Poor Man’s Song


Knotty in his labor, the poor man creeps the fieldpath down to where many stones apply themselves to his breaking, and where he will one day die if he is not careful, at least after the fashion of his father, his father before him, and their fathers enumerable beyond, who gallantly bore truce to the stones in grand recognition that they were older and wiser in their mosshewn countenance handed down from God the almighty merry mastermaker of sweatborn humor and spleen, and thereby lived to laugh another day, albeit in little wealth and in woeful vegetation, but man is granted what he is granted, as the saying goes, a pennyplot for thistles and cabbages, clustered bricks for his bentwife’s oven, embattled windrows in the alwayswaitforrain terrain until deluge comes to wash away their crimbling soils.

Earthentones he wises them, faces he espies them as he knobs his knees to bone, an inch to an inch he footfancies in order to feed his evergrowing brood. Better for the birds, and for the manifested wrigglewarm worms, effortless stumpshade grown. Better for the snakes in glorious relief, littleseen and neverheard. Better for the spiders, if there are any, and for the sandyfox and squirrel, and for the nightscreech whateveritis strangeclaiming dreams in the canopy starstrewn.
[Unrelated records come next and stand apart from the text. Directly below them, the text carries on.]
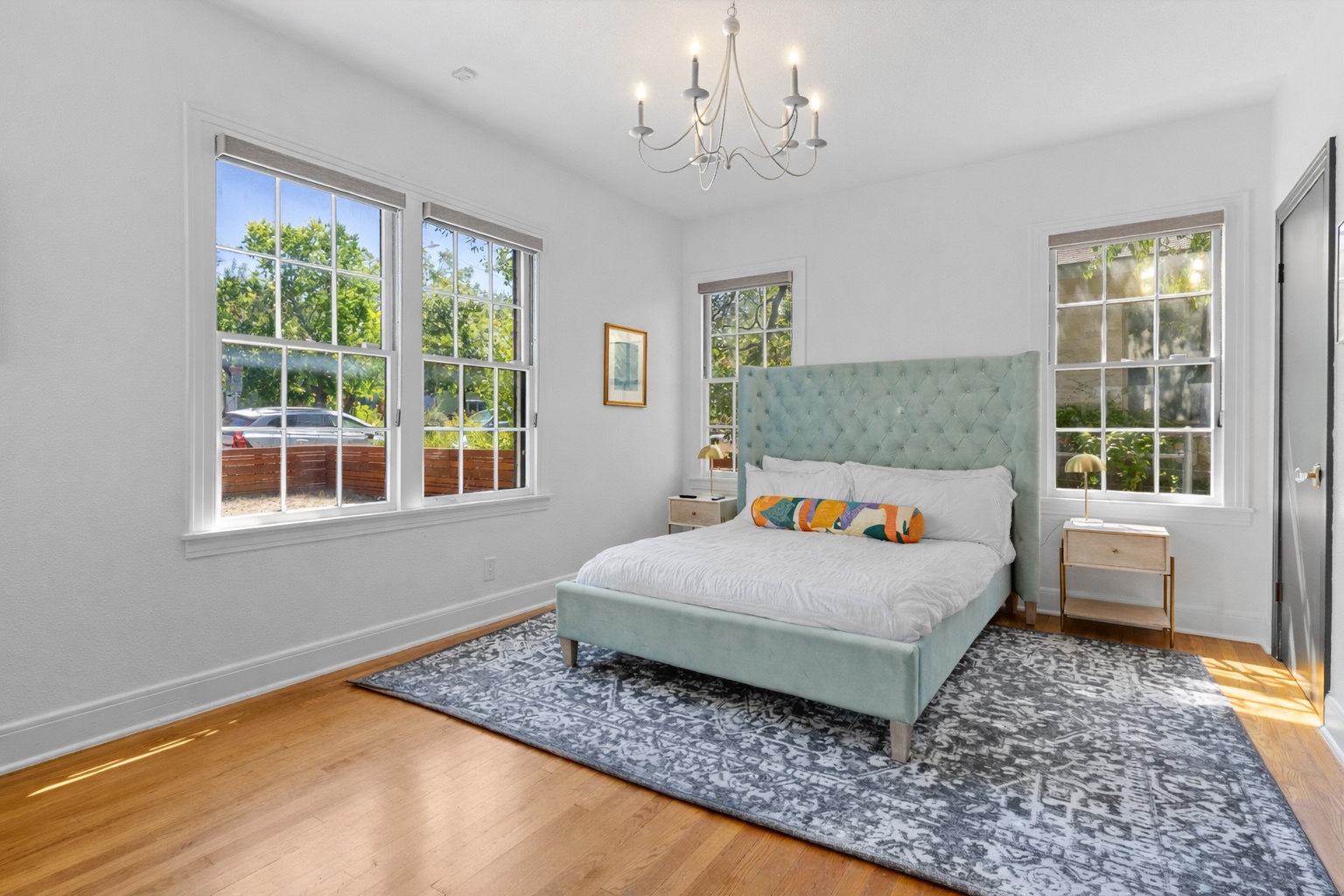 2106 Eva Street Austin, TX 78704 - Photo 11 of 13 a bedroom with a large bed and a window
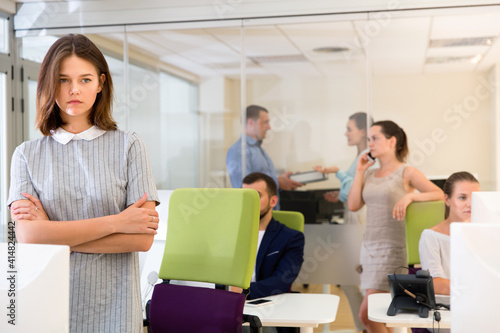 Portrait of young unhappy angry business woman in coworking space with working colleagues behind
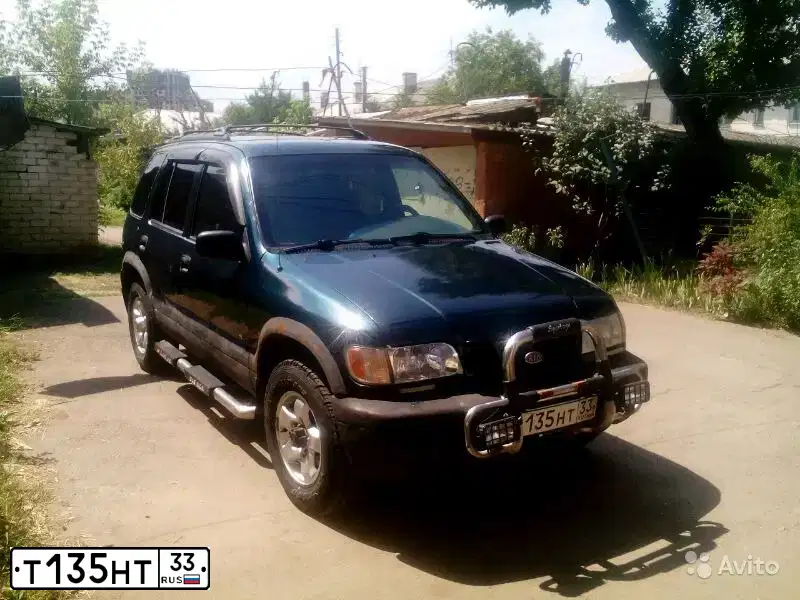 Фото автомобиля HYUNDAI TUCSON, 2008 — госномер Т135НТ33. Цвет: СЕРЕБРИСТЫЙ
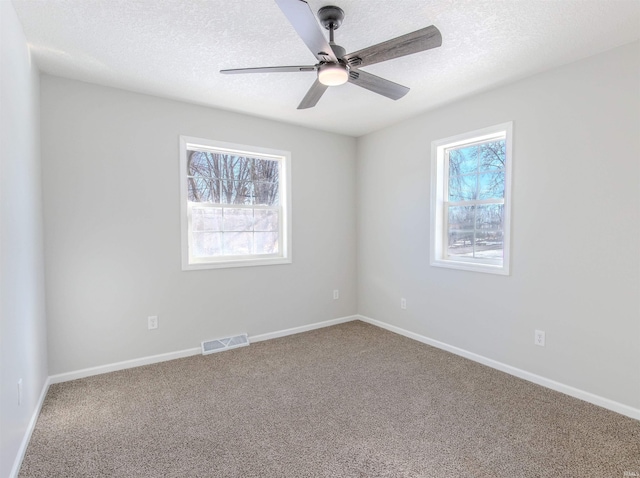 spare room featuring ceiling fan, carpet floors, and a textured ceiling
I know my way down, sings he, but never up, nospending of time to dig my grave, no, I am not ready for that with so many beaks pecking in the yard, noodled behind happy mouths and eyes, babblesong gifters of hillsides and shepherds’ flutes, how I love them, how I cry, how I bless them eagerwilling, and their nobleyearning mother more fruitful than ever is this numbforsaken earth, arms enfolding and scented mad. Crumbling break these petrified tears, these hardbaked skeletal remains! Gnarls on a lizard’s back! Rooted wishes off a drybridge from land to land. I have no name, but I know where I have been. Rock to quarry and back again. Rock to quarry and back again.